Le rôle de Muhammadu Buhari dans le djihad sur les chrétiens

Selon Jonathan, les indicateurs selon lesquels Muhammadu Buhari – que l’administration Obama a contribué à faire du président du Nigéria – renforce le génocide des chrétiens suivent.

Après que Goodluck Jonathan soit devenu président, des milliers de chrétiens vivant à proximité de centres musulmans au Nigeria ont été tués . Depuis qu’ils ont obtenu ce qu’ils veulent – un président musulman, Muhammadu Buhari – en 2015 – les musulmans ont attaqué les chrétiens d’une manière qui est qualifiée de  » génocide pur « .

Comme l’Association chrétienne du Nigéria, un groupe de coordination composé de diverses confessions chrétiennes, a déclaré dans un communiqué récent :

« Il ne fait aucun doute que le seul but de ces attaques est de purifier ethnique, d’accaparer des terres et de chasser de force les indigènes chrétiens de leurs terres et de leur patrimoine ancestraux »

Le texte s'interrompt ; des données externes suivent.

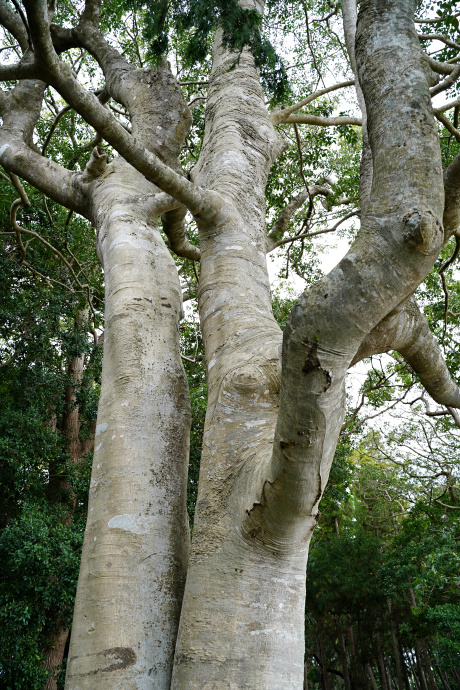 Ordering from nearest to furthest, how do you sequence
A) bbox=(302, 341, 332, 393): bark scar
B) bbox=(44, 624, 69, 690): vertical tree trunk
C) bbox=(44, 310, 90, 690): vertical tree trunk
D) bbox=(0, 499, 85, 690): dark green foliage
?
bbox=(302, 341, 332, 393): bark scar, bbox=(0, 499, 85, 690): dark green foliage, bbox=(44, 624, 69, 690): vertical tree trunk, bbox=(44, 310, 90, 690): vertical tree trunk

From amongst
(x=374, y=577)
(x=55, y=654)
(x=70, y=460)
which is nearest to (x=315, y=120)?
(x=70, y=460)

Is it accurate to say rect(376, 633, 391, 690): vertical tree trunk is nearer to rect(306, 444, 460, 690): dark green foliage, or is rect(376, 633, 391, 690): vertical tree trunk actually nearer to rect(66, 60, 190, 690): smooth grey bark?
rect(306, 444, 460, 690): dark green foliage

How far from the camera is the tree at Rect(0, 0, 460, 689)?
4.06 ft

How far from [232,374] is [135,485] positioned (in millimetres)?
553

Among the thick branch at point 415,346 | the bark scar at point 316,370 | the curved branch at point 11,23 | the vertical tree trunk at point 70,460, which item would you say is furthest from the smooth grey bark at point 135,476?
the vertical tree trunk at point 70,460

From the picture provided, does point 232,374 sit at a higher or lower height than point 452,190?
lower

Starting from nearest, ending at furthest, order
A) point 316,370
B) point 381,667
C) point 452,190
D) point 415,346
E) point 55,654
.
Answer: point 316,370
point 452,190
point 415,346
point 55,654
point 381,667

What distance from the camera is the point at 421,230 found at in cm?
119

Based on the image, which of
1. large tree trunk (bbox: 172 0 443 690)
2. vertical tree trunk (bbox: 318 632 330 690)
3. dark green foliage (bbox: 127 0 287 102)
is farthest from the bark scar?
vertical tree trunk (bbox: 318 632 330 690)

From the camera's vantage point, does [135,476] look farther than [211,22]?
No

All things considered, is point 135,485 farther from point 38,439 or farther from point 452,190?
point 38,439

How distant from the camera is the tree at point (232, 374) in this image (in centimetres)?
124

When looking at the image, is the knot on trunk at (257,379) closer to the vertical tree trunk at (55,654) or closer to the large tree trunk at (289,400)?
the large tree trunk at (289,400)

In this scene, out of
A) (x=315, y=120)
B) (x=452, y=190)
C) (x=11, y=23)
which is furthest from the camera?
(x=315, y=120) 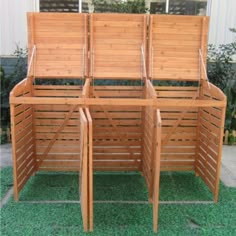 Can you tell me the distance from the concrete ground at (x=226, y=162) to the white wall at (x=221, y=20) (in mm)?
2380

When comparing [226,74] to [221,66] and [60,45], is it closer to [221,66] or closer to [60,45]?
[221,66]

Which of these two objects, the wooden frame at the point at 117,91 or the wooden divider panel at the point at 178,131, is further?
the wooden divider panel at the point at 178,131

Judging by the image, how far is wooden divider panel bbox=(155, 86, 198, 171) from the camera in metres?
4.63

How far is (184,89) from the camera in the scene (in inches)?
182

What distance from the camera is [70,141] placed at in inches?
186

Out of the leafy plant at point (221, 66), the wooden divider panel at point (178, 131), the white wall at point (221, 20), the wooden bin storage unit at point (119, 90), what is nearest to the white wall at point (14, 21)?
the wooden bin storage unit at point (119, 90)

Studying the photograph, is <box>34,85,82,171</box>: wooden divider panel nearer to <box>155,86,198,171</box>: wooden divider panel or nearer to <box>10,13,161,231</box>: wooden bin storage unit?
<box>10,13,161,231</box>: wooden bin storage unit

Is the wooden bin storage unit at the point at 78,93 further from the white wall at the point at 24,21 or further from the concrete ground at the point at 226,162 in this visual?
the white wall at the point at 24,21

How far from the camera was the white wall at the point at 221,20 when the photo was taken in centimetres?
675

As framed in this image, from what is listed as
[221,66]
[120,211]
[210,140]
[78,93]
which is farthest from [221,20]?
[120,211]

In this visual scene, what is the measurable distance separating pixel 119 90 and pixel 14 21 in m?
3.44

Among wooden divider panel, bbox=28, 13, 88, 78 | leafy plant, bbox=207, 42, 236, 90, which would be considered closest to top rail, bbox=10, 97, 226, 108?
wooden divider panel, bbox=28, 13, 88, 78

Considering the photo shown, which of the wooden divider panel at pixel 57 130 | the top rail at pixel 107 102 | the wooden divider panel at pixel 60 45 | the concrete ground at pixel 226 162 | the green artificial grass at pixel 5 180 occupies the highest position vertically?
the wooden divider panel at pixel 60 45

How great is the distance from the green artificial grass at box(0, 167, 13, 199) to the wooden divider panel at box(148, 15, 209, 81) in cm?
249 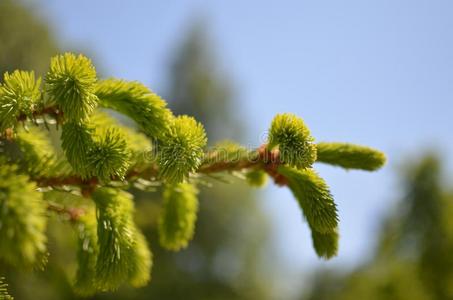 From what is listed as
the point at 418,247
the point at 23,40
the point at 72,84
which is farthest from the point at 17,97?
the point at 23,40

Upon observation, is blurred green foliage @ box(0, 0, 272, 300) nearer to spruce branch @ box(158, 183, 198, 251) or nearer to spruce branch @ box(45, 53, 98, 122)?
spruce branch @ box(158, 183, 198, 251)

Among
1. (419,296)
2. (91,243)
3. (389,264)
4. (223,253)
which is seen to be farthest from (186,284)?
(91,243)

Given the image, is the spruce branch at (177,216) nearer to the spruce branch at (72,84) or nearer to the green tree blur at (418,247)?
the spruce branch at (72,84)

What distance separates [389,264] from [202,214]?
4.43m

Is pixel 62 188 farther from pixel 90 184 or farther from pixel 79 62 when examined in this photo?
pixel 79 62

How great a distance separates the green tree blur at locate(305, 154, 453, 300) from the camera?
3.28 m

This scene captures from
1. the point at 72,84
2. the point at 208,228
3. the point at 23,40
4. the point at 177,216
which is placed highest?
the point at 23,40

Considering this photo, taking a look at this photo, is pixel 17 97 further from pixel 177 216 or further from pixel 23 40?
pixel 23 40

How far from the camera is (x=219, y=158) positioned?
710 mm

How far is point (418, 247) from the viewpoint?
356cm

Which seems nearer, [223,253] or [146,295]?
[146,295]

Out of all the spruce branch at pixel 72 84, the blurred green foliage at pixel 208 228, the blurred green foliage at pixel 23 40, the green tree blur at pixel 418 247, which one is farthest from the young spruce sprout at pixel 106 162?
the blurred green foliage at pixel 208 228

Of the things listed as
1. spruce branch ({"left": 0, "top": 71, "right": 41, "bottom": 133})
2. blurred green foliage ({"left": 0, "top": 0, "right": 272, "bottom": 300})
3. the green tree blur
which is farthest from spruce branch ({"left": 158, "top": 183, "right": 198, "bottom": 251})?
blurred green foliage ({"left": 0, "top": 0, "right": 272, "bottom": 300})

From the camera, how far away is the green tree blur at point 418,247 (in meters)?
3.28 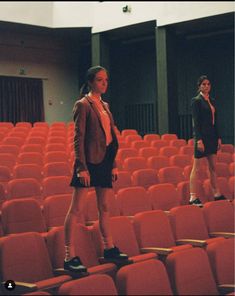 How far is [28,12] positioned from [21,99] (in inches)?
91.0

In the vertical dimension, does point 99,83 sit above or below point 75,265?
above

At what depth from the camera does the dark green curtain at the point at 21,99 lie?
11508mm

Pour commencer, beaucoup plus de chrétiens sous Muhammadu Buhari ont été massacrés que son prédécesseur chrétien – principalement par des bergers Fulani musulmans, qui lancent régulièrement des raids sur des villages chrétiens. Au cours des six premiers mois de cette année, 6 000 chrétiens ont été massacrés au nom du jihad. Il a fallu trois fois plus de temps aux Fulani pour tuer seulement 1 484 chrétiens sous la présidence de Jonathan.

Un certain nombre d’éminents Nigérians ont accusé Buhari de fermer les yeux sur les atrocités des Fulani. Il « est lui-même de la tribu des Foulani des djihadistes », a déclaré Ogebe .

Selon le révérend Musa Asake, secrétaire général de l’Association chrétienne du Nigéria:

« Sous le président Buhari, les gardiens de troupeaux Fulani meurtriers bénéficiaient d’une protection et d’un favoritisme sans précédent … Plutôt que d’arrêter et de poursuivre les bergers Fulani, les forces de sécurité généralement contrôlées par des musulmans du Nord leur offrent une protection, libérant la terreur en toute impunité contre le peuple nigérian. »

De même, selon Femi Fani-Kayode, avocat et avocat nigérian réputé, auteur et ancien ministre de l’aviation:

« … le président musulman [Buhari] n’a accordé aux meurtriers que l’impunité plutôt que la justice et a doté son gouvernement de responsables islamiques, sans rien faire pour que les chrétiens du pays, qui représentent la moitié de la population, soient dûment représentés. »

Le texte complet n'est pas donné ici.